Exercise prompt: The whole listing needs to be written out exactly, except for any images.

Records for this exercise:
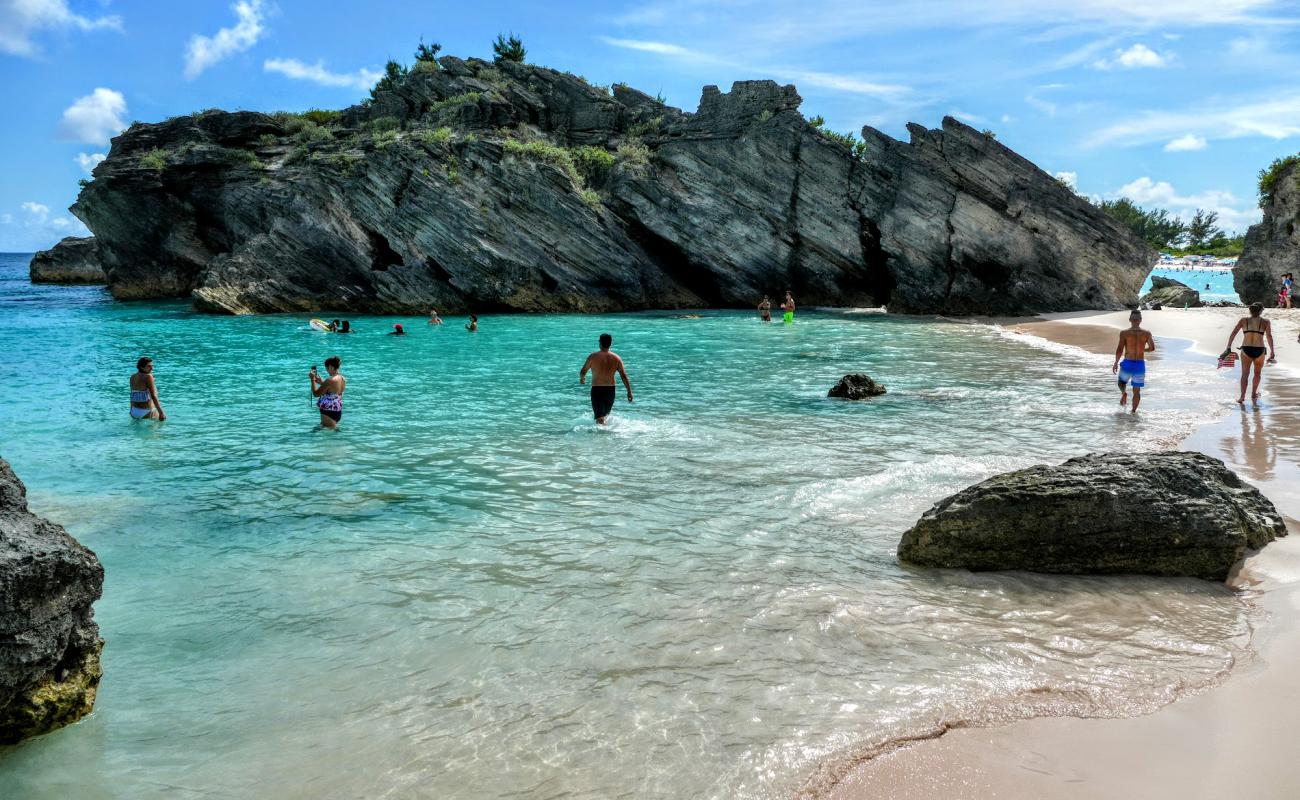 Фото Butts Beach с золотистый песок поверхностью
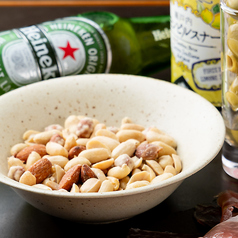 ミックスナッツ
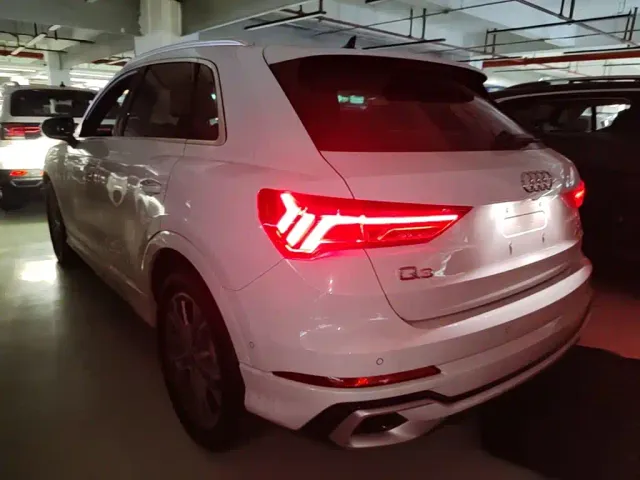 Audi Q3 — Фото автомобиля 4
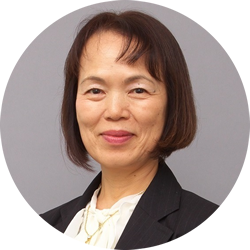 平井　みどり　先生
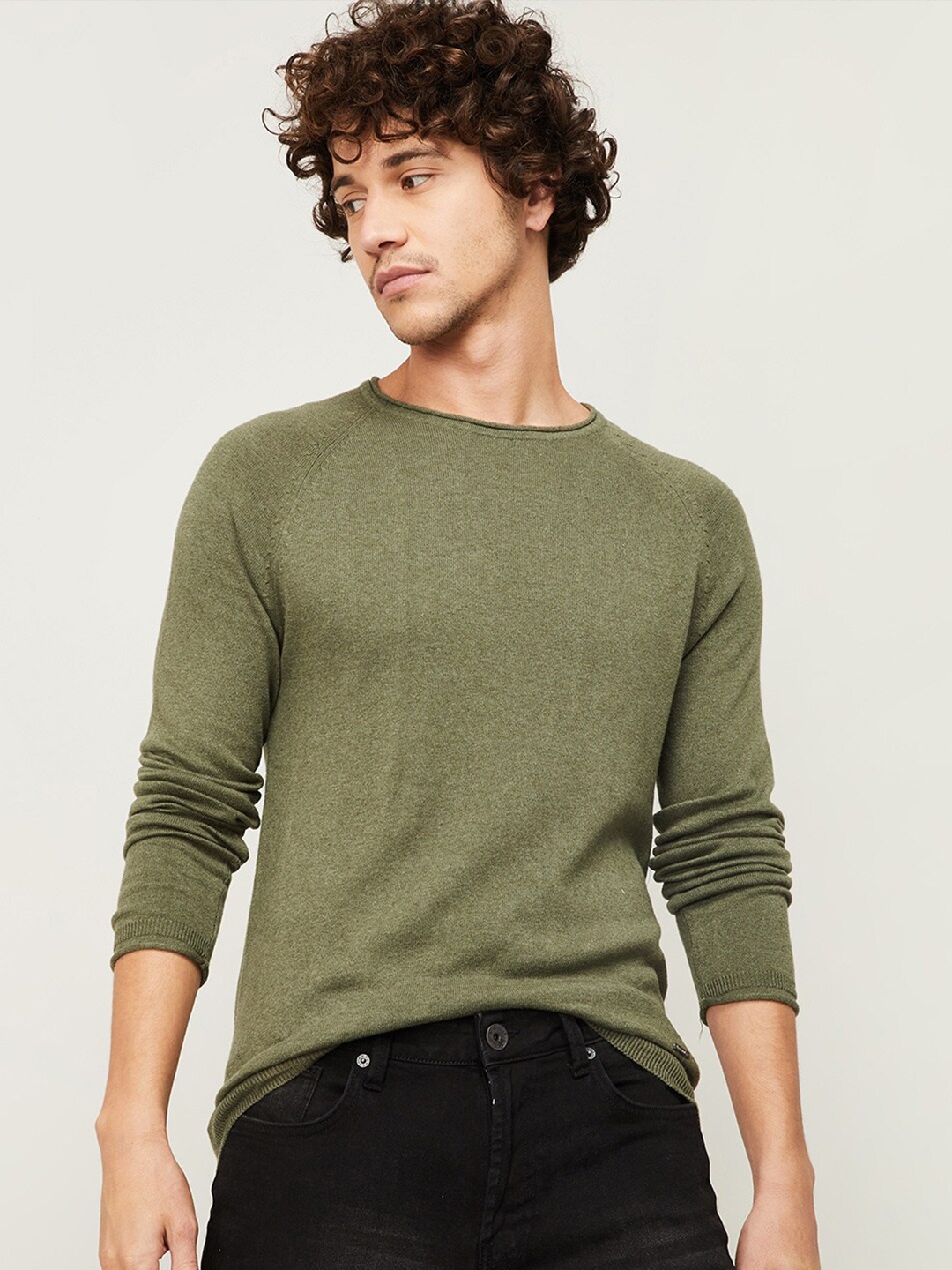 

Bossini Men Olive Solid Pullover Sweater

Output:
 Фото Butts Beach с золотистый песок поверхностью
 ミックスナッツ
 Audi Q3 — Фото автомобиля 4
 平井　みどり　先生

Bossini Men Olive Solid Pullover Sweater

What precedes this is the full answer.